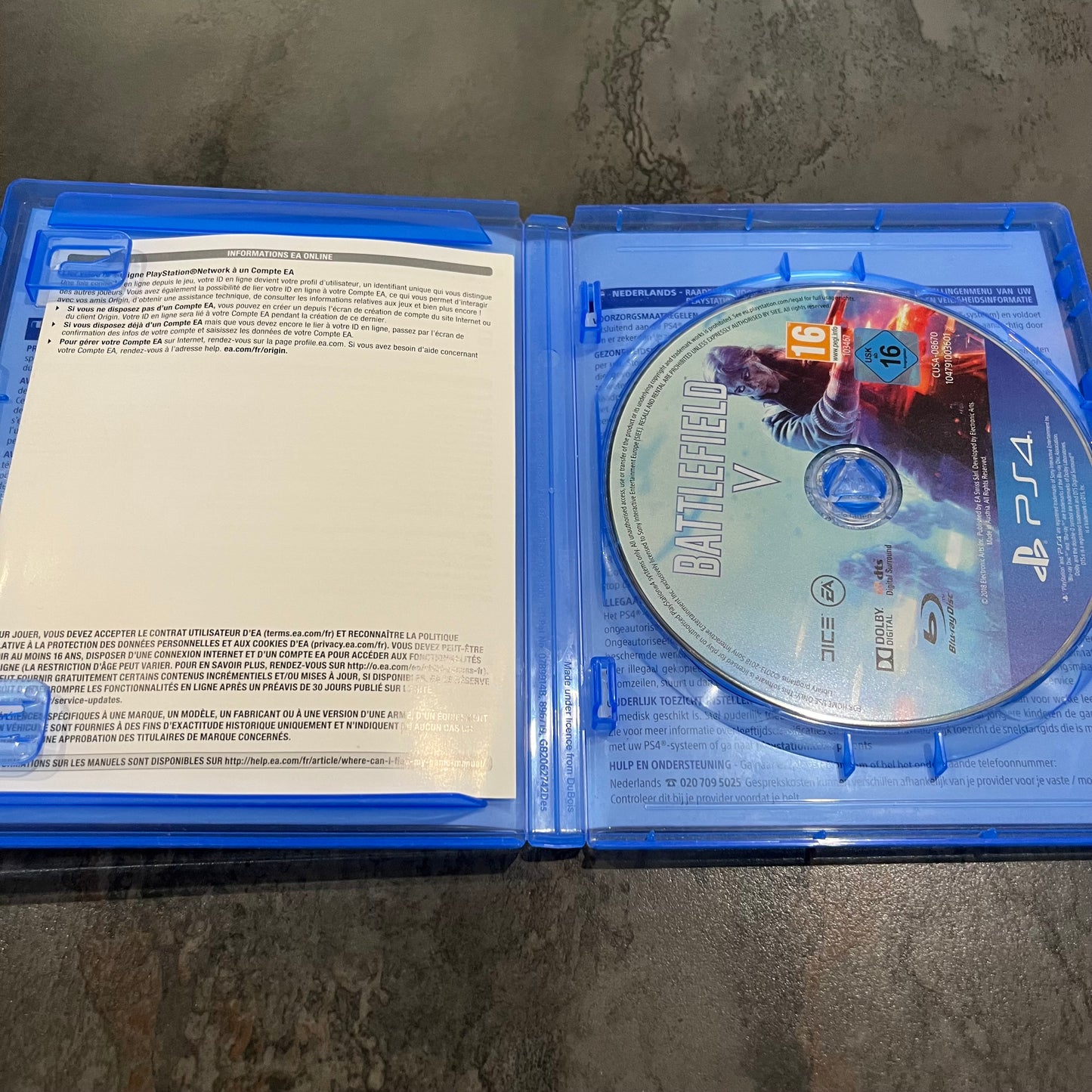 Battlefield V PS4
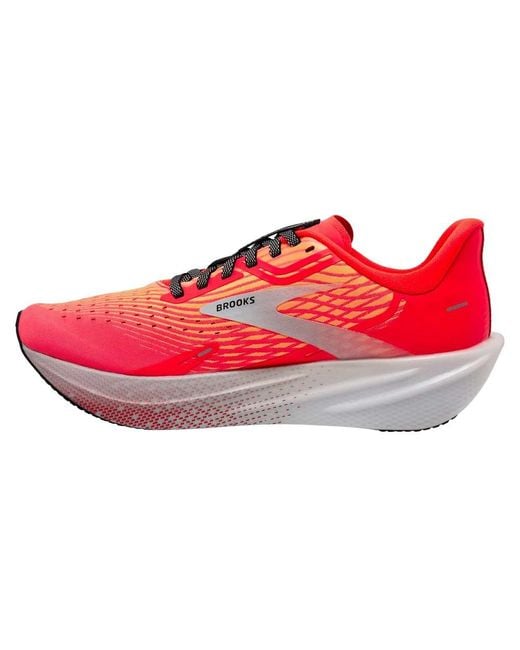 Brooks Hyperion Max Running Shoes Hyperion Max Running Shoes in Red for ...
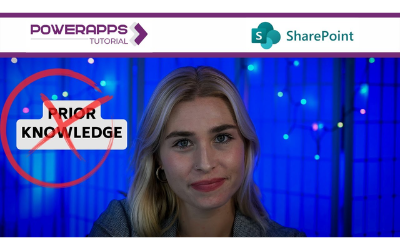 Automatically Generate a Power App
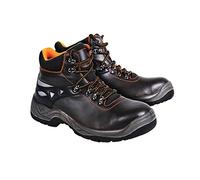 REIS BRPEAKREIS39 Chaussures de Sécurité Noir/Gris/Orange Taille 39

§ **ACTIVITY**: What you produce should repeat the data word for word while omitting all images.

§ **SOLUTION FOR THIS EXERCISE**:
 Battlefield V PS4
 Brooks Hyperion Max Running Shoes Hyperion Max Running Shoes in Red for ...
 Automatically Generate a Power App
 REIS BRPEAKREIS39 Chaussures de Sécurité Noir/Gris/Orange Taille 39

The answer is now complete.